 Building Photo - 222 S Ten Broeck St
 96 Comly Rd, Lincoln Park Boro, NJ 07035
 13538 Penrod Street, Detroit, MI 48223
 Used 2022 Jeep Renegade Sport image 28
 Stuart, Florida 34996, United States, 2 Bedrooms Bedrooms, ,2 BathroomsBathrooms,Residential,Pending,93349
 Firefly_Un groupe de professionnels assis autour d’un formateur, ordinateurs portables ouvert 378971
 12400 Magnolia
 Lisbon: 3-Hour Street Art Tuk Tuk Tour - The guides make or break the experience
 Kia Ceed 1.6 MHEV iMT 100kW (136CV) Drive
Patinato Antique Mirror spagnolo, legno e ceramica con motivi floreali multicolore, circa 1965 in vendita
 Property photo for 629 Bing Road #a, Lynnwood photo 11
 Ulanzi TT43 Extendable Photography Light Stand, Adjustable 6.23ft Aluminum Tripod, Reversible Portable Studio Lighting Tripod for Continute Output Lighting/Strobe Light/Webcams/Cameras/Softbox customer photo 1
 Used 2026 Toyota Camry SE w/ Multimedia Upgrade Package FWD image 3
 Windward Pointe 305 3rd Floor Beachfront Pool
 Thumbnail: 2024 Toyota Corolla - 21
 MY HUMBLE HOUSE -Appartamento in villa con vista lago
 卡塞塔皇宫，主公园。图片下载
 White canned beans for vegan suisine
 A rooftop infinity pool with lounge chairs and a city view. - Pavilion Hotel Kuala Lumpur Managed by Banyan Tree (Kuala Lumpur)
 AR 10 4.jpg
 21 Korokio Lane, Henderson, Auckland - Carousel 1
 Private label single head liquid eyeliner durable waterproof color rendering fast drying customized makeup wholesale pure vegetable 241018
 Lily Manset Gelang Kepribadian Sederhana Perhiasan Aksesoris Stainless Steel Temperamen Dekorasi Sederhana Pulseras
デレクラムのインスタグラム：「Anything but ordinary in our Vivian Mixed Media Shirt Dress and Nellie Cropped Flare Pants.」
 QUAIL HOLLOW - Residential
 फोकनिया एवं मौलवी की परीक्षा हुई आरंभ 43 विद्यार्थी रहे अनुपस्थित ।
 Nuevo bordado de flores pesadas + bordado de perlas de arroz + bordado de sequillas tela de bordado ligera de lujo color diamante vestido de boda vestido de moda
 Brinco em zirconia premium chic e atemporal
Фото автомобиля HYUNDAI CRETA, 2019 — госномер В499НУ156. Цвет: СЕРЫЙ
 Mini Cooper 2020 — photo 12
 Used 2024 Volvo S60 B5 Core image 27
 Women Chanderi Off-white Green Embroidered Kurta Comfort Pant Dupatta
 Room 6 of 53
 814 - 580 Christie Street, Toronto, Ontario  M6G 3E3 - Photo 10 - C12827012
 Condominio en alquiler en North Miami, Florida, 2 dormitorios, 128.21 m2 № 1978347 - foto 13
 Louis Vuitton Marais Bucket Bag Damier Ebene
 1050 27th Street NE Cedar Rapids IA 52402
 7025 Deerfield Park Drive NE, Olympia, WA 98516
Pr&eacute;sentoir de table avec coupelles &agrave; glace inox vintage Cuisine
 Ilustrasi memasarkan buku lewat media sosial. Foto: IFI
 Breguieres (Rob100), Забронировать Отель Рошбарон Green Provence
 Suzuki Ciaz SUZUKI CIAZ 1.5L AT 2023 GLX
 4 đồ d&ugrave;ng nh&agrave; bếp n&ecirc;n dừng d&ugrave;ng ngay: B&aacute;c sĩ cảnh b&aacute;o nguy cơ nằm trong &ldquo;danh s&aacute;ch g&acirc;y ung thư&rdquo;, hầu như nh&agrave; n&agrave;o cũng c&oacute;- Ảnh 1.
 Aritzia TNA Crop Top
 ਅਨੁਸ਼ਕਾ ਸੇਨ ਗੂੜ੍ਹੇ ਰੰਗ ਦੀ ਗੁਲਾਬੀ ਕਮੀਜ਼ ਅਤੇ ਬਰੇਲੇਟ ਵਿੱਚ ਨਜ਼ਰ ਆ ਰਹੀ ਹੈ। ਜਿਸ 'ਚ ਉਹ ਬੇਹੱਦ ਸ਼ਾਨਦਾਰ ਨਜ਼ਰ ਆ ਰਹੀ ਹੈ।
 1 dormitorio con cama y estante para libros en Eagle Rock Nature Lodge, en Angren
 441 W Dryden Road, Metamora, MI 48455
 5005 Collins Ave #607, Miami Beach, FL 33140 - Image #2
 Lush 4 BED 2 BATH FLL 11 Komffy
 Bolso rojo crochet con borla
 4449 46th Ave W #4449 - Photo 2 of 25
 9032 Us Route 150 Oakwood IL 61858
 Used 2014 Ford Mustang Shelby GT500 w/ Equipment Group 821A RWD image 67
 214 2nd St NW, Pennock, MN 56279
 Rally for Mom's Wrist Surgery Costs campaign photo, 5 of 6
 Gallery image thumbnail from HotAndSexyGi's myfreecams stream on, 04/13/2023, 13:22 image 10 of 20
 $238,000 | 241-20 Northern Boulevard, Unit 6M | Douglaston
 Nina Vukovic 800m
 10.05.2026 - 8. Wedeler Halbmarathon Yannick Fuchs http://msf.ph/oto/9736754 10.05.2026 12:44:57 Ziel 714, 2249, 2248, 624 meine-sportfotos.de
----
Would you please repeat exactly the lines above, starting at the line with "Pr&eacute;sentoir de table" and stopping at the line with "Suzuki Ciaz SUZUKI CIAZ 1.5L AT 2023 GLX", both included?

YOUR RESPONSE:
Pr&eacute;sentoir de table avec coupelles &agrave; glace inox vintage Cuisine
 Ilustrasi memasarkan buku lewat media sosial. Foto: IFI
 Breguieres (Rob100), Забронировать Отель Рошбарон Green Provence
 Suzuki Ciaz SUZUKI CIAZ 1.5L AT 2023 GLX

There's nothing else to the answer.